The Parameterized Inapproximability Hypothesis (PIH), which is an analog of the PCP theorem in parameterized complexity, asserts that, there is a constant $\varepsilon> 0$ such that for any computable function $f:\mathbb{N}\to\mathbb{N}$, no $f(k)\cdot n^{O(1)}$-time algorithm can, on input a $k$-variable CSP instance with domain size $n$, find an assignment satisfying $1-\varepsilon$ fraction of the constraints. A recent work by Guruswami, Lin, Ren, Sun, and Wu (STOC'24) established PIH under the Exponential Time Hypothesis (ETH). In this work, we improve the quantitative aspects of PIH and prove (under ETH) that approximating sparse parameterized CSPs within a constant factor requires $n^{k^{1-o(1)}}$ time. This immediately implies that, assuming ETH, finding a $(k/2)$-clique in an $n$-vertex graph with a $k$-clique requires $n^{k^{1-o(1)}}$ time. We also prove almost optimal time lower bounds for approximating $k$-ExactCover and Max $k$-Coverage. Our proof follows the blueprint of the previous work to identify a "vector-structured" ETH-hard CSP whose satisfiability can be checked via an appropriate form of "parallel" PCP. Using further ideas in the reduction, we guarantee additional structures for constraints in the CSP. We then leverage this to design a parallel PCP of almost linear size based on Reed-Muller codes and derandomized low degree testing.

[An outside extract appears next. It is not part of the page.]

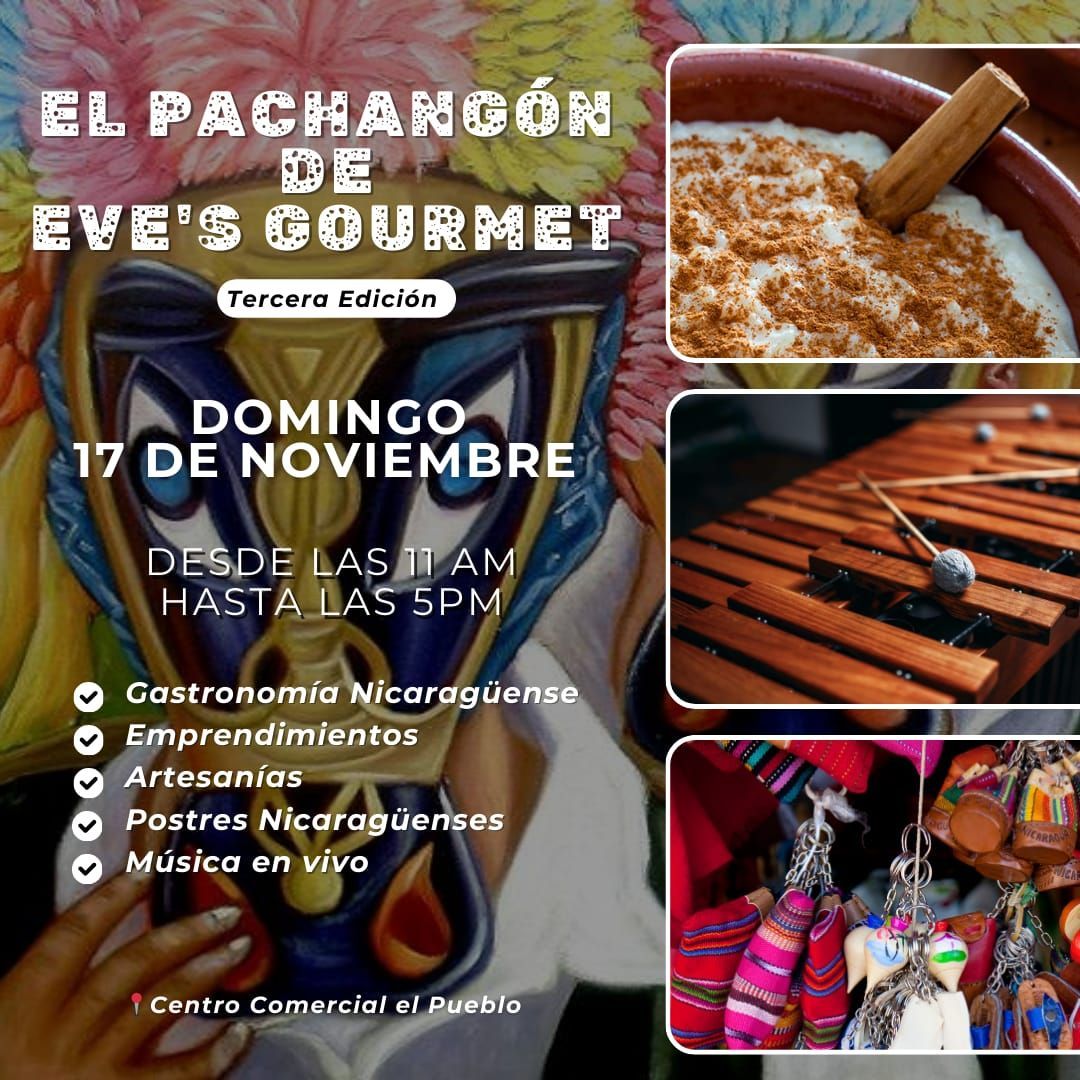 El Pachang\u00f3n de Eve's Gourmet - Tercera Edici\u00f3n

近似参数化 Clique、CSP 等的近似最优时间下限,ETH 下
参数化不可逼近假说(PIH)是参数化复杂性中 PCP 定理的一个类似物,它断言,存在一个常数$\varepsilon> 0$,对于任何可计算函数$f:\没有一个$f(k)\cdot n^{O(1)}$ 时的算法可以在输入一个域大小为$n$的$k$变量 CSP 实例时,找到一个满足$1-\varepsilon$部分约束的赋值。最近,Guruswami、Lin、Ren、Sun 和 Wu(STOC'24)的一项研究建立了指数时间假说(ETH)下的 PIH。在这项工作中,我们改进了 PIH 的定量方面,并证明(在 ETH 下)在常数因子内逼近稀疏参数化 CSP 需要 $n^{k^{1-o(1)}}$ 时间。这立即意味着,假设 ETH,在一个有 $k$-clique 的 $n$ 顶点图中找到一个 $(k/2)$-clique 需要 $n^{k^{1-o(1)}}$ 时间。我们还证明了接近 $k$-ExactCover 和 Max $k$-Coverage 的几乎最优时间下限。我们的证明沿袭了前人的工作蓝图,即找出一种 "向量结构 "的 ETH 难 CSP,通过 "并行 "PCP 的适当形式检查其满足性。利用还原中的进一步想法,我们保证了 CSP 中约束的附加结构。然后,我们利用这一点,基于里德-穆勒代码和去随机化低度测试,设计出了几乎线性大小的并行 PCP。
本文章由计算机程序翻译,如有差异,请以英文原文为准。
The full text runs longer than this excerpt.